Noah and Abraham: 2 approaches to humanity

By Rabbi Howard Wolk
Parashat Noah

This week and next we read about two great personalities: Noah and Abraham. A favorite theme of the rabbis is to compare and contrast the two.

Noah repopulates the world after the Flood; Abraham starts the Jewish people. Noah is the new start of mankind, Abraham, the start of a new nation.

Invariably, Noah suffers by comparison.

Noah builds an ark — but never protests the Flood. He does nothing to try to avert the impending doom. He takes no action to try to save his fellow human beings. Noah is concerned with himself and his family only.

In contrast, Abraham is concerned for humanity at large.

Abraham’s tent is open on all four sides for visitors. He pleads with G-d to save the cities of Sodom and Gomorrah.

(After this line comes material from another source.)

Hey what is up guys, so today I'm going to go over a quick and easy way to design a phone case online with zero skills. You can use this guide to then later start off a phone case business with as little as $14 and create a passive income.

He pleads for a child — only after doing all he could for others.

Even when undergoing his brit milah (circumcision), Abraham is concerned with whether it will separate him too much from others. G-d comforts him and says that he will be the “father of a multitude of nations.” Abraham, you will still be able to care for others.

Isn’t it a paradox?

Noah represents universal man; he is the father of all humanity. Yet, he is the one who cares only for himself and his own.

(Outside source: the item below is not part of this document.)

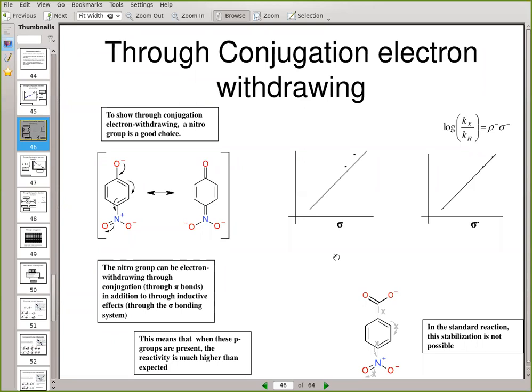What we had a look at on Friday is special cases — for instance, when there are electron withdrawing groups in the para-position. In some reactions you can have, through conjugation, electron withdrawing effects, which when you use normal sigma to plot ends up giving a non-linear graph. However, if we use a new set of sigma minus parameters, we have a new type of Hammett equation and you'll end up getting a straight line.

Abraham — the first Jew — cares for the world ahead of himself.

Shouldn’t it be just the opposite?

No, it should not!

The Torah is providing us with two approaches; the rabbis want us to choose Abraham’s way.

Noah was “easygoing.” He represents a fatalistic approach to the world. “You can’t fight fate.”

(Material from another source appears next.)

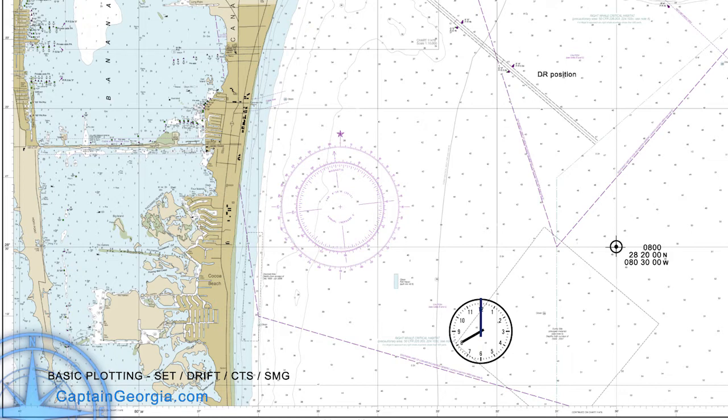Here's our DR position. This is where we want to be. Let's see if we can figure out how to get there and what time we should get there. First we use our parallel rules or our protractor rule to draw a course line and determine that course on our compass rose of 342 true. Remember we plot on charts using true north. So our DR position will be 342 true from our current position.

Nature is overwhelming. If a flood comes, it is best to save ourselves. Noah — the easygoing one — is ready to comply with any situation.

Abraham, on the other hand, is a spiritual revolutionary. He feels that he can and must change the world. His circumcision symbolizes this — man must perfect himself.

Man must heal, cure, transplant.

Man’s spirit is not perfect, either. People have “uncircumcised hearts.” They can change; teshuvah, repentance, is the path.

Society is not perfect. Strive to make it so.

Abraham is the father of many — to teach all people the lesson that they have the capacity to make themselves and their nations better.

Those people who think that nothing can be done about poverty, famine or disease; people who make peace with the presence of oppression in the world; people who out of fear or panic wish to negotiate with terrorists — all make peace with the philosophy of Noah. Noah is the universal man who cared so little for others and was in fact altogether parochial.

Those who see the potential in the world, who seek to improve it, follow Abraham’s lesson. Those Jews who, against all odds, did not accept defeat, despite staggering losses and sacrifices — they represent Jews and Judaism.

As you are reading this, it is almost two weeks since the massacre and pogrom in Israel. Painful, devastating losses. Beyond description.

Nevertheless, the spirit of Abraham lives and is put into action by our brethren in Israel. People taking others into their homes; reservists returning to Israel in order to serve — even before being called up; a Jewish man at Kennedy Airport paying for 250 airline seats to allow soldiers to return.

These and other inspiring responses are the teachings of Abraham. Our Jewish DNA is to be positive. Losses, yes; pain, yes. But ultimately the IDF, Israel Defense Forces, will be victorious.

The Midrash describes a Roman tyrant who asked Rabbi Akiva: If G-d wanted man to be circumcised why didn’t He create him so? If G-d loves the poor, why doesn’t He feed them?

Rabbi Akiva answered that we become “a partner with G-d in creation.”

We perfect ourselves through brit milah; we perfect society by feeding and clothing the hungry.

The tyrant wanted the status quo. If people were down, it was to his advantage. He ruled. He wanted men to be half-slaves, half-free. He wanted plebeians and aristocrats.

Rabbi Akiva wanted a mighty striving for perfection. The status quo is no good. Like Abraham, Rabbi Akiva wanted to change things.

Bashert is only after the fact. After you’ve given your all — then you can say it was G-d’s will.

Noah — the universal man — represents a universal tendency to accept the world as it is, to submit to fate.

Abraham presents a Jewish message to the world — not to submit but to change fate.

Shabbat Shalom.

Rabbi Howard Wolk is community chaplain with Jewish Family Service of Greater Dallas; rabbi emeritus, Congregation Shaare Tefilla; and past president, Rabbinic Association of Greater Dallas.